The exhibition This Green Earth (including this painting from the Worcester City collection) at Worcester City Art Gallery closes on 25 June 2016.
Below, Bishop Mark Santer describes his response to Bridget Macdonald’s work in a speech given at the exhibition opening:
First of all, I want to thank Bridget and say how touched I was when she asked me to open this exhibition. It spurred me to think why it is that I appreciate her work so much. Paul Spencer-Longhurst has written a most illuminating essay, which sets Bridget in the context of the history of landscape painting. I’m not going to go over that again. Apart from anything else, I haven’t the professional competence.

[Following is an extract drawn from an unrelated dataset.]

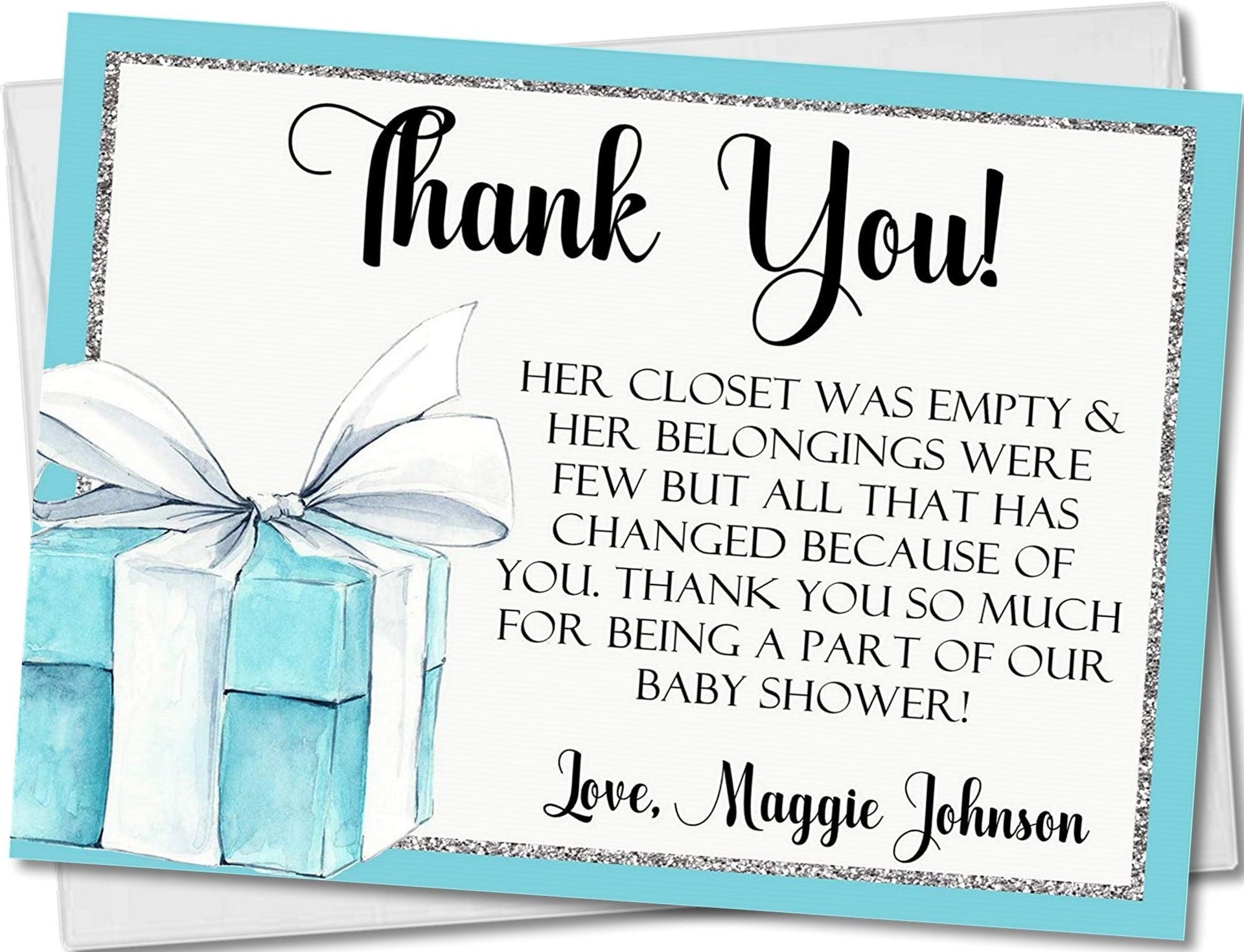 Tiffany Baby Shower Thank You Cards - 10 Cards + Envelopes, image size:1920x1469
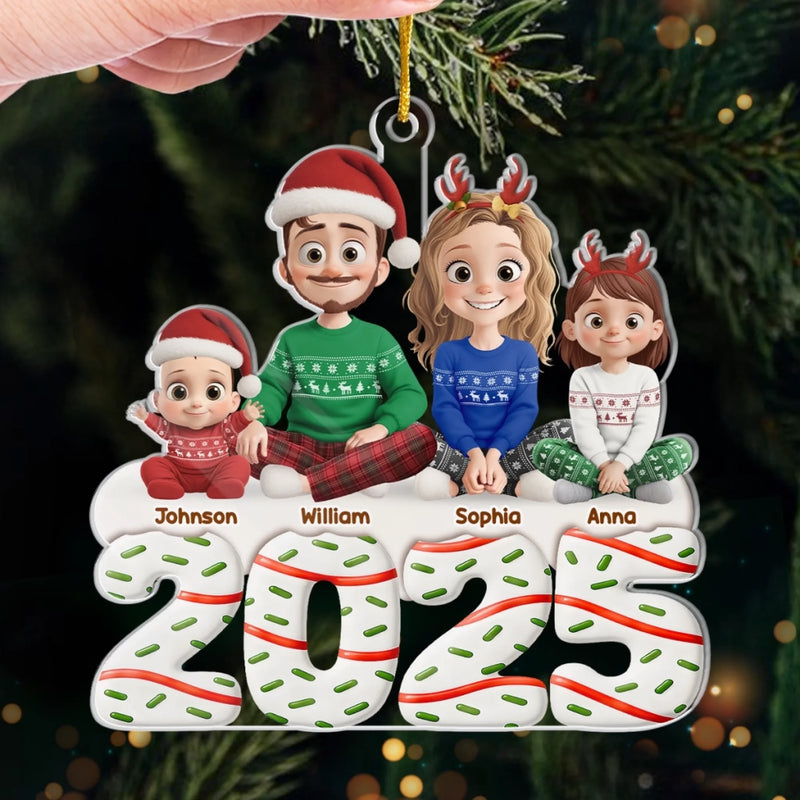 Custom Acrylic Ornament - Personalized Christmas Anniversary Birthday Gifts For Couples, Family, Husband And Wife With Kids - Our Family Is The Best Gift Of All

But I’d like to say something more personal – why it is and how it is that Bridget’s work speaks to me.
It is twenty years since I first bought one of Bridget’s pictures – a little oil painting of a sprig of bay that she had picked from Ezra Pound’s grave on the cemetery island of the Venetian lagoon. After twenty years I still love that picture. Interestingly, it is the only picture in the house of which one of my daughters has said to me, “I’d like to have that picture when you’ve gone.” The next picture I bought was a drawing, the study after the Rubens landscape which is in this exhibition. Its temporary removal from our wall has made us realise even more how much it is part of our life.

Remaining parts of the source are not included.